Hoax, Buzzer, dan Elektabilitas dalam Pemilu

Hoax atau berita palsu sudah menjadi kata yang tidak asing di telinga masyarakat Indonesia. Hoax adalah informasi palsu atau bohong yang dibuat untuk merekayasa kejadian sebenarnya. Tujuan pembuatan hoax pun bermacam-macam. Dalam pemilu, biasanya hoax disebarkan untuk menggiring opini publik terhadap kandidat pasangan calon.

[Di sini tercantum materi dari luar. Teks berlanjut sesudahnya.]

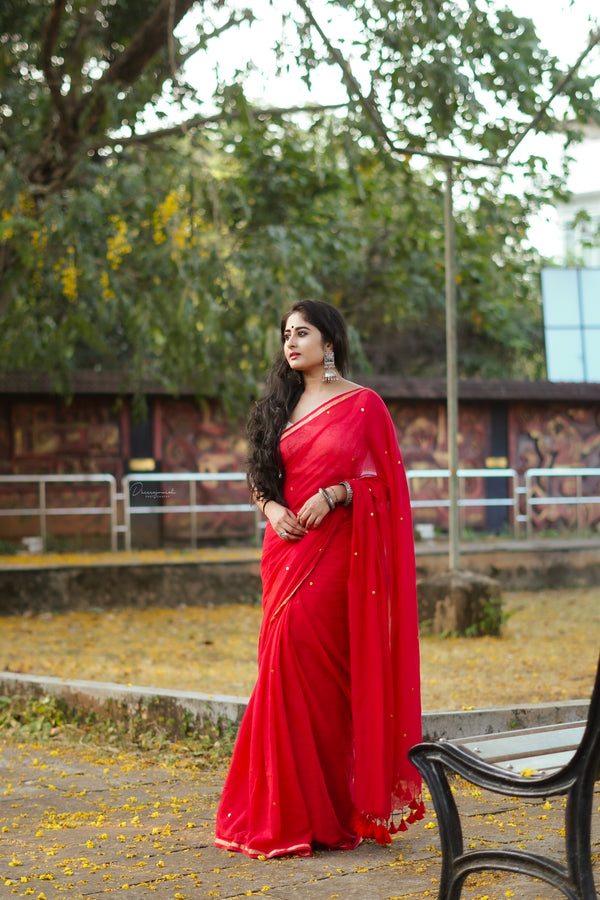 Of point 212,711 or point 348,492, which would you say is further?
point 212,711

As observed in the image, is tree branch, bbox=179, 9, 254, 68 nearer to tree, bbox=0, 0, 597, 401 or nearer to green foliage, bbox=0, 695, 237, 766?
tree, bbox=0, 0, 597, 401

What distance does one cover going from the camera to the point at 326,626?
12.4 ft

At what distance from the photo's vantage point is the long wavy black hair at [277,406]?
155 inches

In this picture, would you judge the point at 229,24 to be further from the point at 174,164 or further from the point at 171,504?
the point at 171,504

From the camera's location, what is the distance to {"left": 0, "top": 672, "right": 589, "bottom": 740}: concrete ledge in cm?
508

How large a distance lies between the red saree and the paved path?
0.45 ft

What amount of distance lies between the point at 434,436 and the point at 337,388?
49.9 feet

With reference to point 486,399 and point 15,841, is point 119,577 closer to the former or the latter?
point 15,841

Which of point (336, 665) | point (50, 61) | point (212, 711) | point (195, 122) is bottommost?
point (212, 711)

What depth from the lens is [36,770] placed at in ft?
16.3

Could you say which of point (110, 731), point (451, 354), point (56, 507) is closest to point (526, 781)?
point (110, 731)

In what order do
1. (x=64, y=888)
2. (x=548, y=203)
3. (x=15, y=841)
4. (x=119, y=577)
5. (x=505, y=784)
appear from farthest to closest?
(x=548, y=203)
(x=119, y=577)
(x=15, y=841)
(x=64, y=888)
(x=505, y=784)

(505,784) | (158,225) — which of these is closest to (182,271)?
(158,225)

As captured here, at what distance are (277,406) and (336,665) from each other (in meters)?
0.96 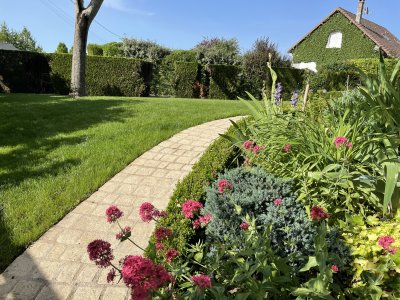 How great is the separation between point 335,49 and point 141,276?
29409mm

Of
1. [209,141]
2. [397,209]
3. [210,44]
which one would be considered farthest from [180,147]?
[210,44]

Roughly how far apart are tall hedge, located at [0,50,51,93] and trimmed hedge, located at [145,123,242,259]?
43.4ft

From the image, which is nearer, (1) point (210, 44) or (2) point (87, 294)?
(2) point (87, 294)

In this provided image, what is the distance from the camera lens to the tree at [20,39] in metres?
51.0

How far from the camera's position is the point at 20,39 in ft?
175

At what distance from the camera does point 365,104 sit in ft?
9.81

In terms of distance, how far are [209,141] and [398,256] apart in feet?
13.8

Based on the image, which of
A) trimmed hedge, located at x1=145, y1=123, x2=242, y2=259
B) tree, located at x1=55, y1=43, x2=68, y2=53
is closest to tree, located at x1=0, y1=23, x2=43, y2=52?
tree, located at x1=55, y1=43, x2=68, y2=53

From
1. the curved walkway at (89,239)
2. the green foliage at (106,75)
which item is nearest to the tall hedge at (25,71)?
the green foliage at (106,75)

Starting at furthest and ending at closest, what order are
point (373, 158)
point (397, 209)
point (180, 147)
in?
point (180, 147)
point (373, 158)
point (397, 209)

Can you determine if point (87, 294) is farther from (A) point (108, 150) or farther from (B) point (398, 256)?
(A) point (108, 150)

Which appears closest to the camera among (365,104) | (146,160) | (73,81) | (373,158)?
(373,158)

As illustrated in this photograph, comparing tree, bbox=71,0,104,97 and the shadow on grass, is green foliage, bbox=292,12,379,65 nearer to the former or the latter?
tree, bbox=71,0,104,97

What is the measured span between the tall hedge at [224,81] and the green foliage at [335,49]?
1289 cm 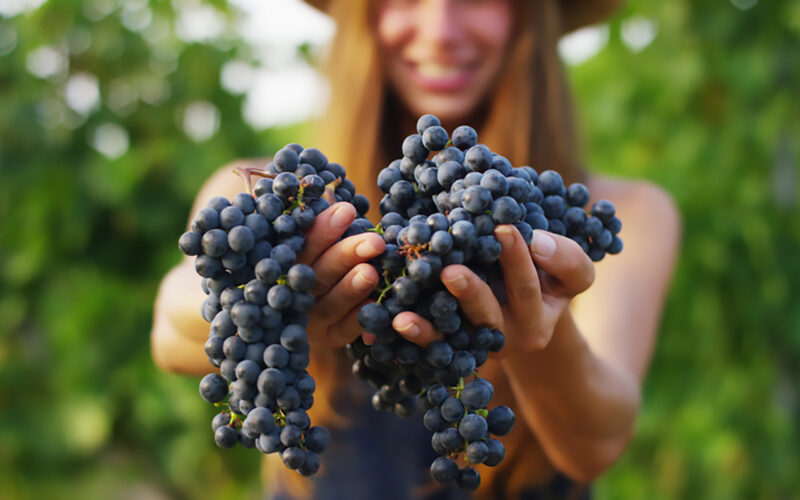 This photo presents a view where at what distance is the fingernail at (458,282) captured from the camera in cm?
78

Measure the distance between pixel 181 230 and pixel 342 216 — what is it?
213 centimetres

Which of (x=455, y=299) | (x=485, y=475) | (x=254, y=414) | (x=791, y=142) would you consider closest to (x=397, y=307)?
(x=455, y=299)

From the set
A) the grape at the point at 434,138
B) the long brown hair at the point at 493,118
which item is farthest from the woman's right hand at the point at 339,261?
the long brown hair at the point at 493,118

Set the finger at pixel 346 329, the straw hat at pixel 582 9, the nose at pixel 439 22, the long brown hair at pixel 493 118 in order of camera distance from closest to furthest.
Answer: the finger at pixel 346 329 → the nose at pixel 439 22 → the long brown hair at pixel 493 118 → the straw hat at pixel 582 9

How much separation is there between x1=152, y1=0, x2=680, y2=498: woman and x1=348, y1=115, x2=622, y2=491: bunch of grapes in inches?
12.4

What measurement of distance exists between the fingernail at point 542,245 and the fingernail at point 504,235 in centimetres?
7

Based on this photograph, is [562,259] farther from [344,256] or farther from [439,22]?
[439,22]

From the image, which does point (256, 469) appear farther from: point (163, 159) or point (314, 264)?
point (314, 264)

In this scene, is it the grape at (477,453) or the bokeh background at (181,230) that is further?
the bokeh background at (181,230)

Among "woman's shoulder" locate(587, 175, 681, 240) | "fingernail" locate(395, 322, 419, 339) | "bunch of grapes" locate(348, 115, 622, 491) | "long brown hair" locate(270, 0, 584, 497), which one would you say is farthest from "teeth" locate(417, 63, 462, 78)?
"fingernail" locate(395, 322, 419, 339)

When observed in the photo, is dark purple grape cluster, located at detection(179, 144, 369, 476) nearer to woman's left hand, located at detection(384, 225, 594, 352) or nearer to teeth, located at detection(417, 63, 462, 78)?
woman's left hand, located at detection(384, 225, 594, 352)

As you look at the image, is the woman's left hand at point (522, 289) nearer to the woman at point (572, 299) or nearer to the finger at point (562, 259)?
the finger at point (562, 259)

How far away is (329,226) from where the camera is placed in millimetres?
828

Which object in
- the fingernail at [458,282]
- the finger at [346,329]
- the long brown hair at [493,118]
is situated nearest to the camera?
the fingernail at [458,282] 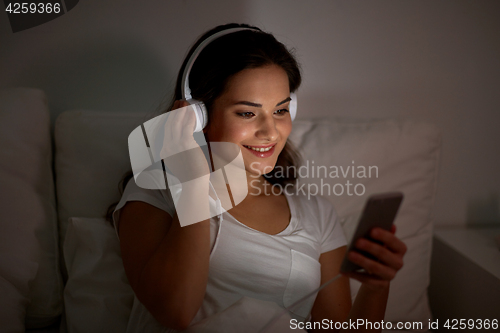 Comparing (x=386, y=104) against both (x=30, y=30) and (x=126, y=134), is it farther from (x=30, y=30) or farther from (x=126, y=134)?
(x=30, y=30)

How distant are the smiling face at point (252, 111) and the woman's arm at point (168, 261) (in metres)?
0.18

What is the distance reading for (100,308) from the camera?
0.88 metres

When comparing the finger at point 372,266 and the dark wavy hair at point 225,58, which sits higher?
the dark wavy hair at point 225,58

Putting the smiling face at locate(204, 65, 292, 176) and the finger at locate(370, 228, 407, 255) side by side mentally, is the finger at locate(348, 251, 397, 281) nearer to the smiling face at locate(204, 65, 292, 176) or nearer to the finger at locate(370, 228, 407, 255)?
the finger at locate(370, 228, 407, 255)

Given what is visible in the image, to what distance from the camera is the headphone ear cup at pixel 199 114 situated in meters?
0.84

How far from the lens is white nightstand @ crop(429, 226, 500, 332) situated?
1.06 meters

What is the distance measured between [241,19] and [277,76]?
0.39 meters

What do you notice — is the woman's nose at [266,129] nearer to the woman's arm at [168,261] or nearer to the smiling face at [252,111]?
the smiling face at [252,111]

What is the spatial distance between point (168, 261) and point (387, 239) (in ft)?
1.47

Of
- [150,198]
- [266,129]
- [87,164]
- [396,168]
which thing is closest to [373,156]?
[396,168]

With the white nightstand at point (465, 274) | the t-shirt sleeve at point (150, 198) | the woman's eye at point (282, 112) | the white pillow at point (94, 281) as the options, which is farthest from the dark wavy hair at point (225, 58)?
the white nightstand at point (465, 274)

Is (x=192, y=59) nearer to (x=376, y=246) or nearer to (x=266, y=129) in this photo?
(x=266, y=129)

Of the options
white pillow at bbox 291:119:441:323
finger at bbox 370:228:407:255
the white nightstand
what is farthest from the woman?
the white nightstand

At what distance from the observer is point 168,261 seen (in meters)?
0.74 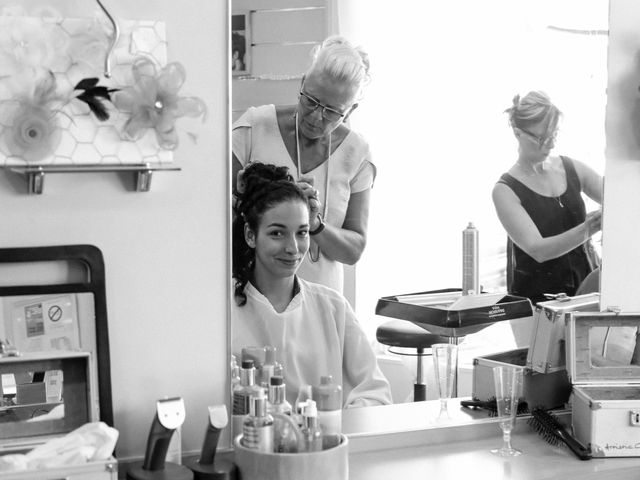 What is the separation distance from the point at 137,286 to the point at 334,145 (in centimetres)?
46

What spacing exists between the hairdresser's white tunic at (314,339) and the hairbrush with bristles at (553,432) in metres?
0.36

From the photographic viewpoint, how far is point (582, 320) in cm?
192

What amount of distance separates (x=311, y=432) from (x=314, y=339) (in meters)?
0.30

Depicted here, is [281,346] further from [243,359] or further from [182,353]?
[182,353]

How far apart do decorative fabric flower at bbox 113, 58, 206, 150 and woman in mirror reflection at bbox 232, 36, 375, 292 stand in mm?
161

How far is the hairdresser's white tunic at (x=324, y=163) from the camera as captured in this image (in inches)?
66.2

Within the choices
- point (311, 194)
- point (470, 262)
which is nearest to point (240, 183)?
point (311, 194)

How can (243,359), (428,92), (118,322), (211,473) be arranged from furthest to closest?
(428,92)
(243,359)
(118,322)
(211,473)

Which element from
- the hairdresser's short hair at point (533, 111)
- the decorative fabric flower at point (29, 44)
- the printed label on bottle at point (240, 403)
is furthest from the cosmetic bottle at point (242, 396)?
the hairdresser's short hair at point (533, 111)

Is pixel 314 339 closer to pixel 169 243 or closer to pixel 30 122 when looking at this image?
pixel 169 243

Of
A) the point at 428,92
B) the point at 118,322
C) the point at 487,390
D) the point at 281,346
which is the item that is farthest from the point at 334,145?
the point at 487,390

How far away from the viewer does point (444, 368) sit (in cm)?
192

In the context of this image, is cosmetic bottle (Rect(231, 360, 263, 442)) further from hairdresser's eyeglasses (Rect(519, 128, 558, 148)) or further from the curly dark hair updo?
hairdresser's eyeglasses (Rect(519, 128, 558, 148))

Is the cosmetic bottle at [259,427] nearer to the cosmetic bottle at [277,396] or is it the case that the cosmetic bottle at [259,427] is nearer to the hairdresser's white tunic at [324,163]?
the cosmetic bottle at [277,396]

Ada tiga jenis gangguan informasi berdasarkan kebenaran dan tujuannya, yaitu misinformasi, disinformasi, dan malinformasi. Misinformasi adalah informasi yang tidak akurat sebab kelalaian penulis berita, namun tidak ada tujuan merugikan atau mengelabui audiens. Disinformasi adalah informasi yang salah dan sengaja dibuat dan disebarkan untuk mengelabui penerima. Sedangkan malinformasi adalah informasi yang dibuat berdasarkan fakta sebenarnya, namun dibungkus sedemikian rupa dari sudut pandang tertentu untuk merugikan suatu pihak dan mempengaruhi opini audiens. Dari tiga jenis gangguan informasi yang disebutkan, yang termasuk informasi hoax adalah disinformasi dan malinformasi.

Buzzer adalah istilah yang berkaitan dengan hoax, sebab buzzer kampanye biasa mempengaruhi opini publik dengan menciptakan berita hoax. Buzzer merupakan istilah yang populer mulai tahun 2019, mengacu pada orang-orang yang dibayar oleh pemerintah atau instansi untuk memanipulasi opini publik di media sosial.  Buzzer dapat dikatakan sebagai suatu profesi di media sosial yang bertugas mengkampanyekan, menyebarkan berita, dan mempengaruhi pendapat audiens di media sosial.

Elektabilitas adalah tingkat keterpilihan partai politik kandidat pasangan calon dalam pemilu. Seringkali, kata elektabilitas dikaitkan dengan popularitas, namun kedua kata ini memiliki arti yang berbeda. Elektabilitas mengacu pada tingkat keterpilihan seseorang dan potensinya untuk menduduki suatu jabatan, sedangkan popularitas mengacu pada ketenaran seseorang.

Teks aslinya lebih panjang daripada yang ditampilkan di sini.